Even in the wake of the chaotic markets of the past year, has anyone seriously suggested that millers should consider contract growing as a way to hedge against repetition of such turmoil?

Often neglected in discussions about contract production are the numerous variations of what the term means. For instance, some millers, having identified growers keen on producing the quantities and qualities deemed desirable, seek long-term arrangements that assure first choice in purchasing. These arrangements typically leave price to negotiation at time of delivery. Almost no wheat is grown under the sort of detailed contract arrangement that first developed in U.S. chicken production, where the ultimate processor assumes responsibility for nearly every step. Yet, such broad coverage is creeping into U.S. corn and soybean production.

Overlooked in these doubts about whether contract production has any role to play in wheat is the totally different perspective arising internationally. In the wake of concerns over grain supply adequacy heard a few months ago, due to crop shortfalls as well as actions by some countries to limit or halt exporting, importing nations with sufficient resources are taking contract production in a totally new direction.

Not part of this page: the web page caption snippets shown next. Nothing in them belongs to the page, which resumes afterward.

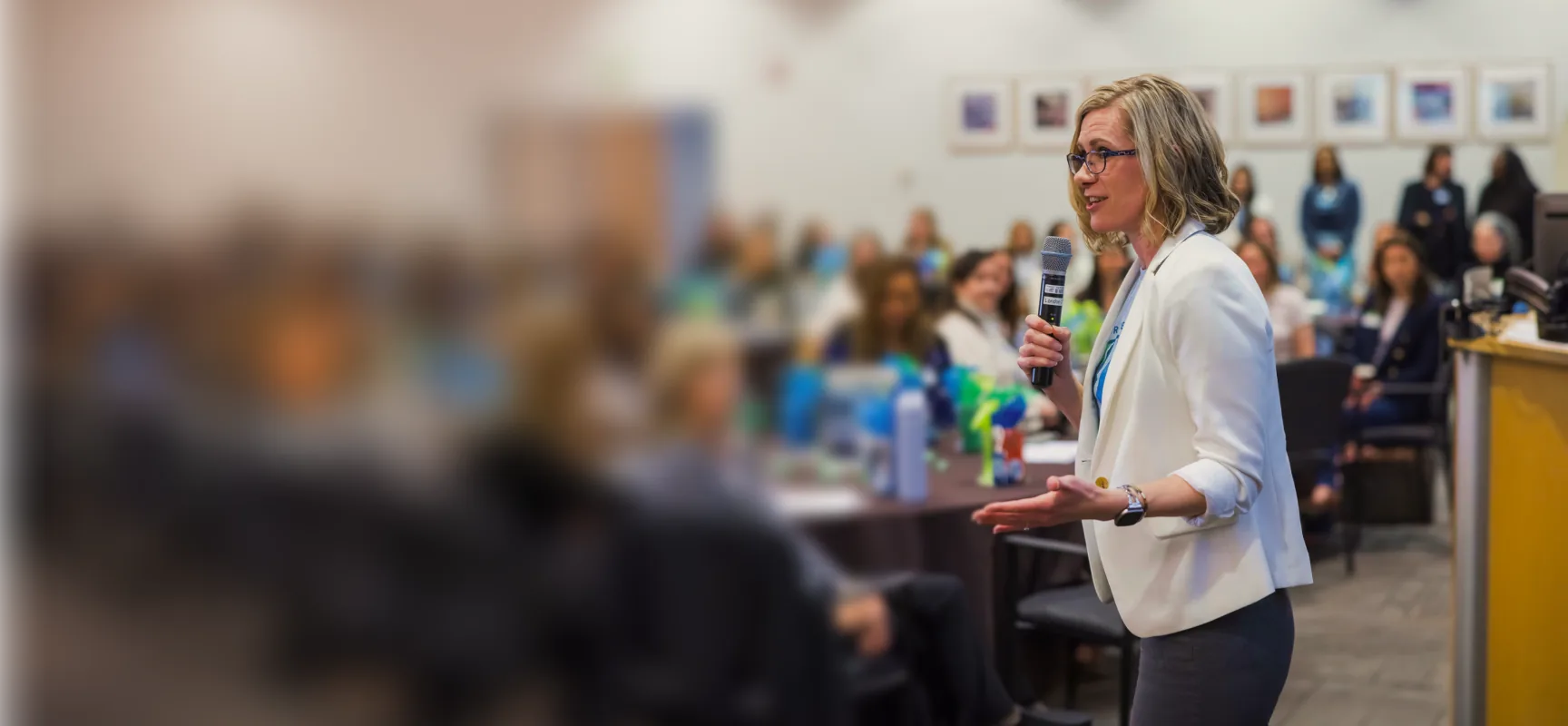 Amber Simonsen speaking to an audience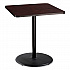 Cafe Table, 36w x 36d x 42h, Square Top/Round Base, Mahogany Top, Black Base (CT33636RB1MY)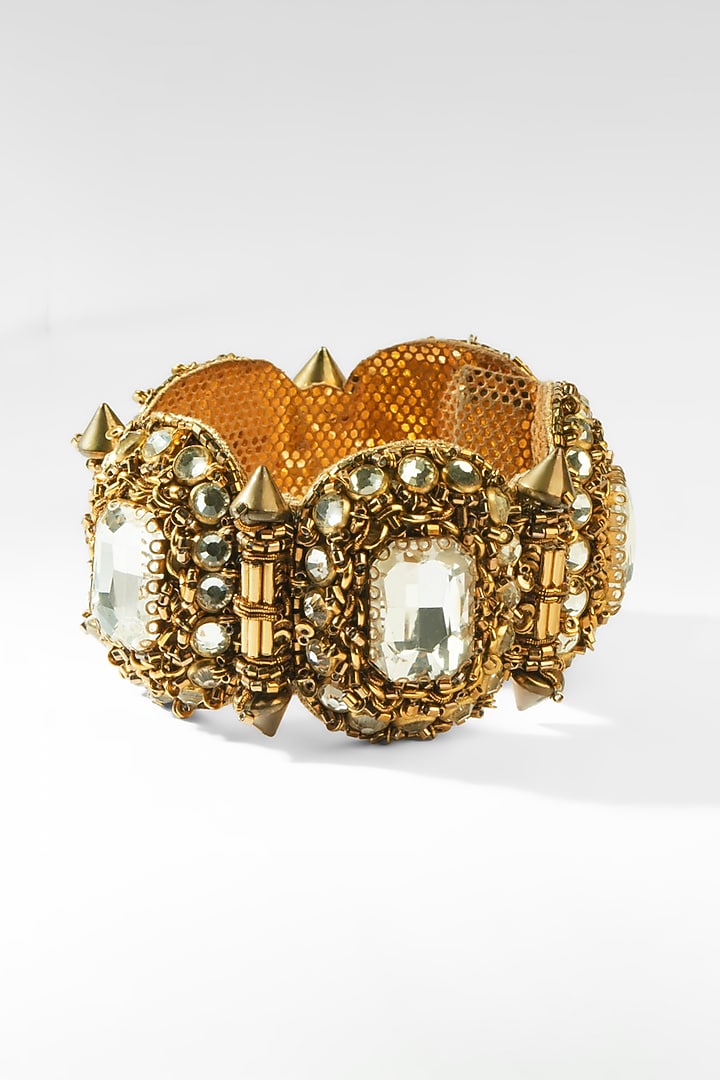 Gold Glass Beaded & Crystal Woven Bracelet by Deepa Gurnani at Pernia's Pop Up Shop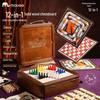 Mobee 12-in-1 Multi-Functional Wooden Board Game: Ludo, Five-in-a-Row, Chinese Chess, Go - Educational Toy for Kids.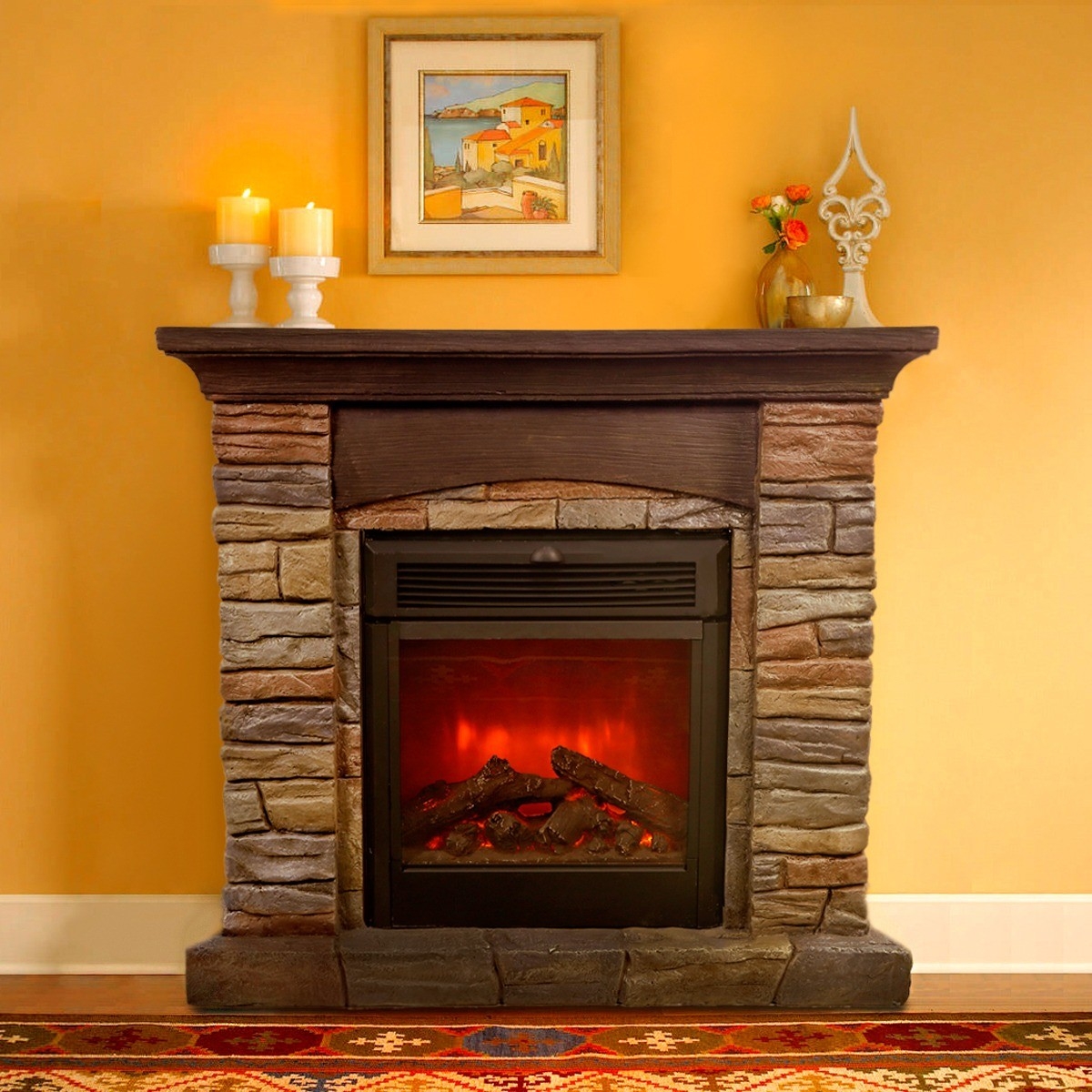 stunning 32" electric fireplace 1500w ledge stone realistic flame heater electric fire logs for fireplace picture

Oil-rich importing countries like Saudi Arabia and the United Arab Emirates are seriously exploring the ultimate in contract production — leasing or purchasing fertile cropland in developing countries that is to be used to grow grains meant for export to the owning country.

Saudi Arabia is most active in seeking to establish production in other countries. That not just reflects the Saudi desire for securing its food supply, but also an internal decision to stop subsidizing irrigation of desert land. Having just made that decision a short time before the chaotic wheat markets of the past year, the Kingdom’s desire to control crop land in countries where water shortages and soil fertility are not a problem is understandable. That it is seeking to acquire cropland in countries like Sudan, Ethiopia, Kazakhstan and Libya in lots no smaller than 250,000 acres introduces a venture that is not as new as it might seem. In the early 1970s, when Richard Nixon was president of the U.S., soaring grain markets prompted him to impose an embargo on U.S. soybean shipments. This controversial move led Japan, as a major importer of U.S. soybeans, to foster production of this crop in Argentina and Brazil.

These efforts to end food insecurity by purchasing cropland in poor countries have stirred criticism. "Neo-colonialism" is how Jacques Diouf, director-general of the United Nations’ Food and Agriculture Organization, has greeted the threat of huge tracts of land in Africa and Asia being acquired by foreign buyers and their outturns exported, regardless of the diet where crops are grown. And while this latest version of contract production will probably not see the light of day in the U.S. or Europe, its potential for reshaping the agricultural economy needs careful examination. Investing to produce wheat and other crops in lands where they are not now grown raises revolutionary possibilities in trade flows and supply-demand balances.